Chapter 4 An Automatic Integration Methodology of Distributed Data, General Concept and Assumptions
The chapter presents the concept and the assumptions of the developed and implemented methodology for automatic integrating heterogeneous object-oriented database resources into a virtual repository. A general three-level approach to integration data in a virtual repository is presented there. Also the grid middleware concept is described.
Chapter 5 Prototype Implementation and Examples
The detailed description of the developed and implemented automatic integration mechanism is given. It contains an architecture of a grid. Additionally, assumptions concerning a virtual network platform are explained in detail. Prototype activities are depicted by demonstrative examples based on an introduced object-oriented schemata.
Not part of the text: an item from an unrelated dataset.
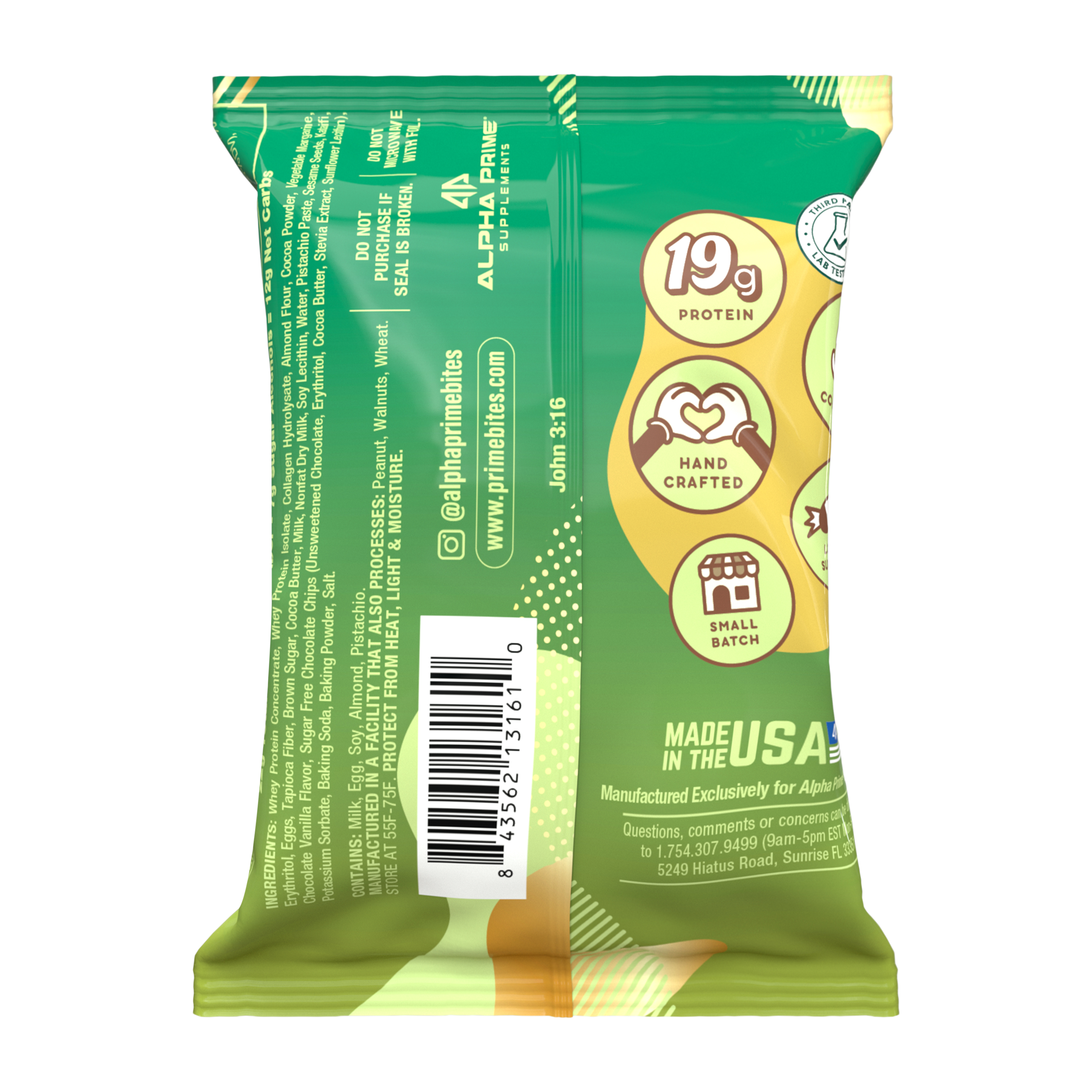 Prime Bites® Dubai Chocolate Protein Brownie 2.2oz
The chapter contains a number of listings which show complex transformations of integration views and present how the view generation mechanism works.
Chapter 6 Automatic Integration – Testing Results
Assumptions and issues of the testing process, as well as the results of testing are here.
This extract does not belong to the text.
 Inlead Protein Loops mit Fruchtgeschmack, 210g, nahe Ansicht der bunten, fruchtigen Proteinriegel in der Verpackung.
Chapter 7 Summary and Conclusions
The conclusions and future works that can be conducted for the further grid and automatic integration mechanism prototype development.
The thesis text is extended with one appendix describing an integration of relational data using object-to-relational wrapper mechanism within a grid.
Chapter 2
State of the Art and Related Works
2.1 Grid History
The grid history began in early networking era before the Internet. Following Foster and Kesselman [9], some sources give as a beginning date establishing the ARPANET network and a network itself. However, in accordance with the Ian Foster's second definition of the grid, it can be assumed that the first system close to this definition is DNS (Domain Name System). It was originally developed to support the growth of email communications on the ARPANET, and now supports the Internet on a global scale. The distributed DNS (at the beginning – since 1973 – the DNS was centralised and called Host Names On-line) has been established in March 1985. When the Foster's definition will be taken under consideration, DNS applied all three definition rules:
#1 it uses standard and open protocol described in RFC 1034 and RFC 1035; #2 it assumes that shared resources should be located at different physical
locations. By distribution the DNS service in 13 root name servers the system complies the rule;
#3 – improves quality and reliability of the whole service.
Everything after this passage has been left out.